__Instructions for the task__.
Output every entry exactly as written, skipping any pictures.

__Data in this exercise__.

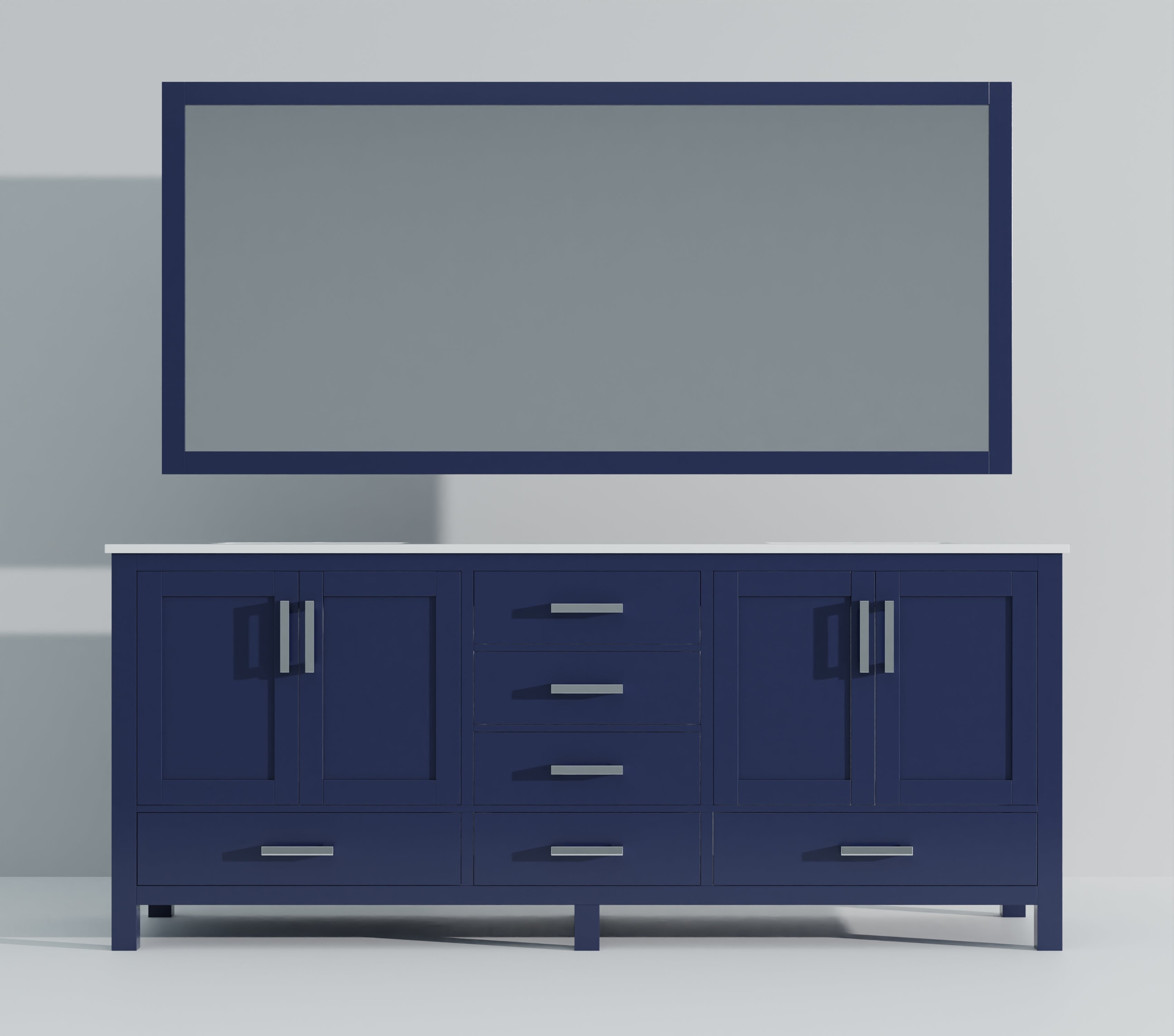 Jacques 84 in. W x 22 in. D Navy Blue Double Bath Vanity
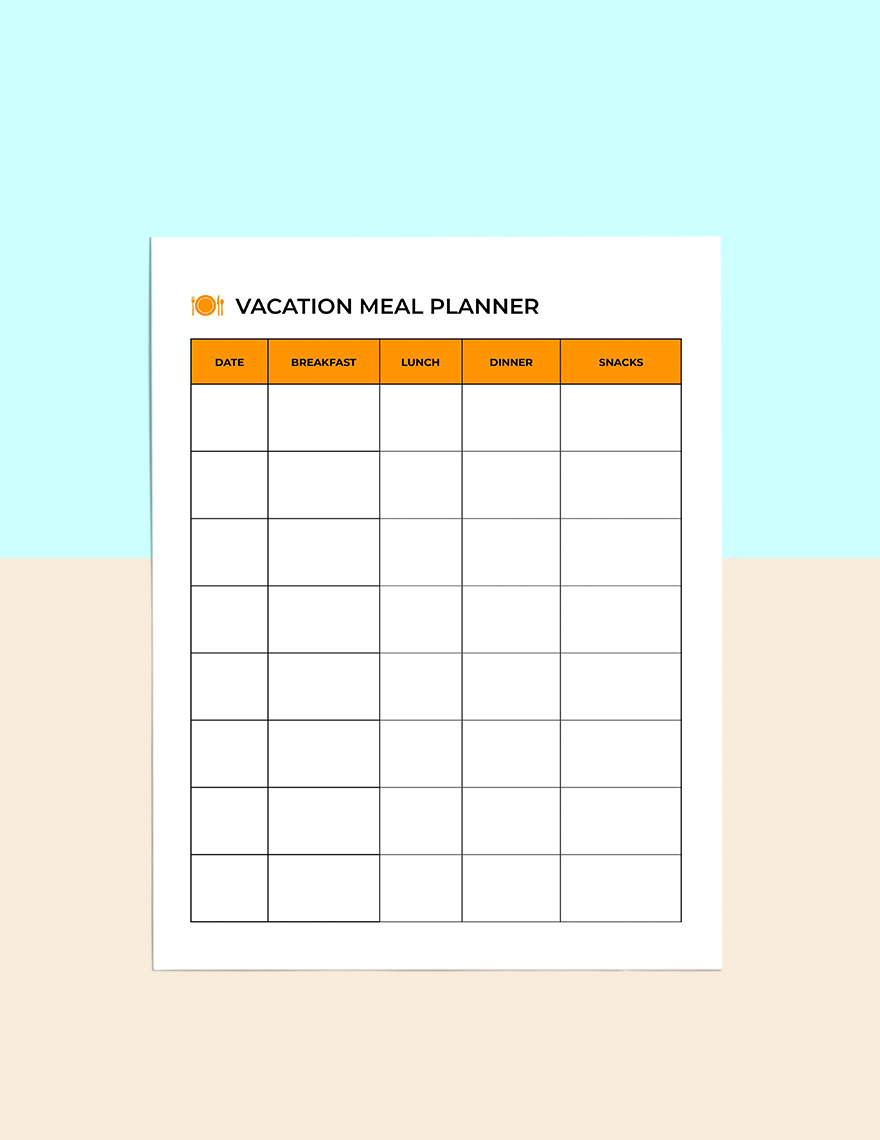 Vacation Menu Planner Template
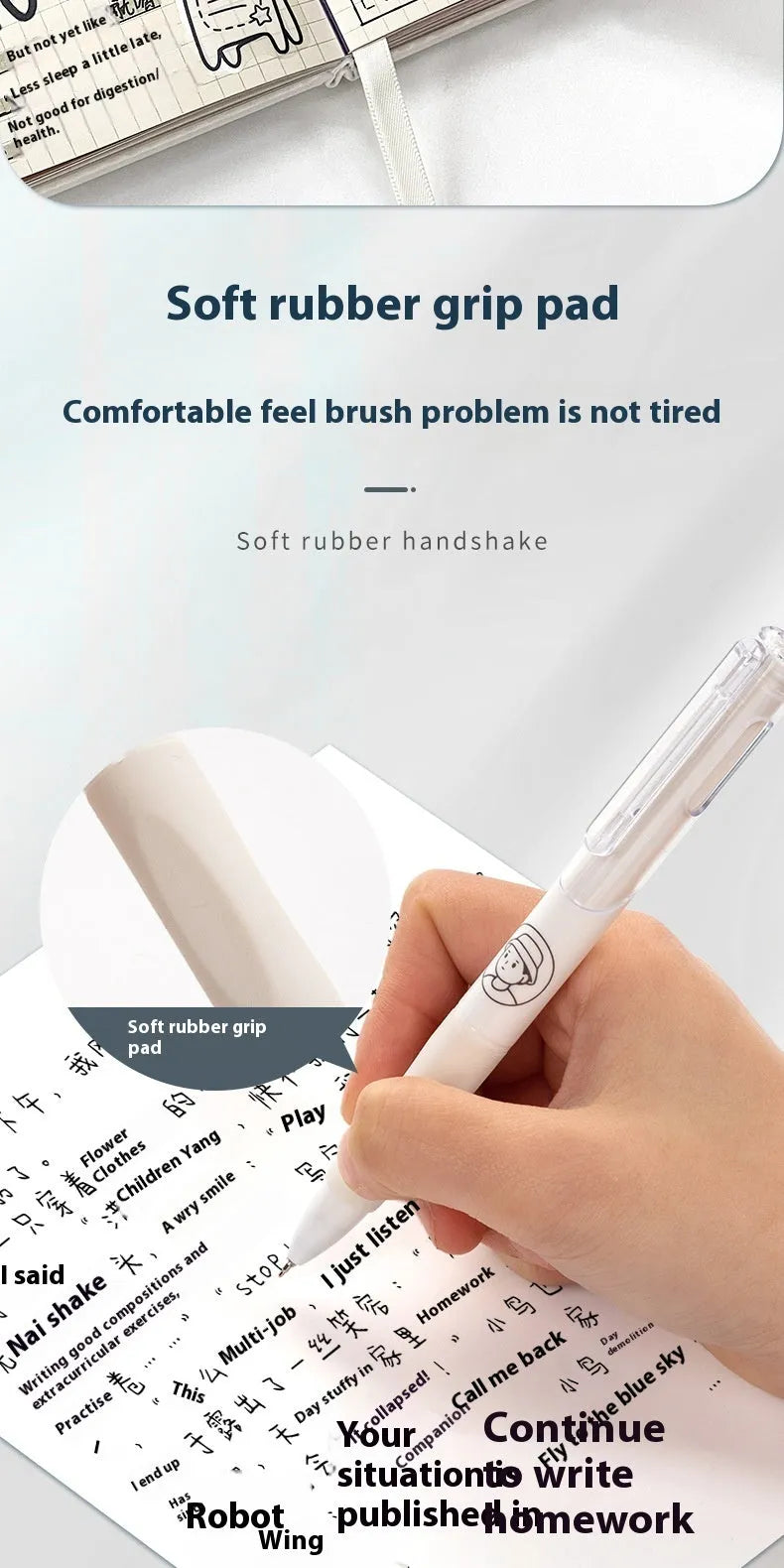 Five plastic ballpoint pens with 0.5mm tips and black ink for student writing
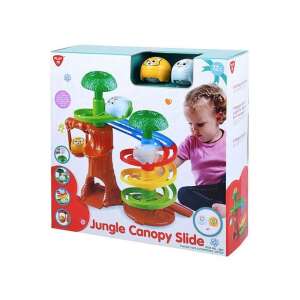 Playgo Dzsungel állatos golyópálya, színes golyófuttató játék babáknak és kisgyermekeknek, dzsungel témával és állatos figurákkal - Golyópálya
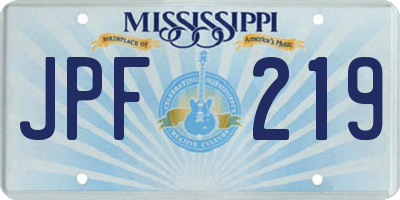 MS license plate JPF219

__Exercise output__.
 Jacques 84 in. W x 22 in. D Navy Blue Double Bath Vanity
 Vacation Menu Planner Template
 Five plastic ballpoint pens with 0.5mm tips and black ink for student writing
 Playgo Dzsungel állatos golyópálya, színes golyófuttató játék babáknak és kisgyermekeknek, dzsungel témával és állatos figurákkal - Golyópálya
 MS license plate JPF219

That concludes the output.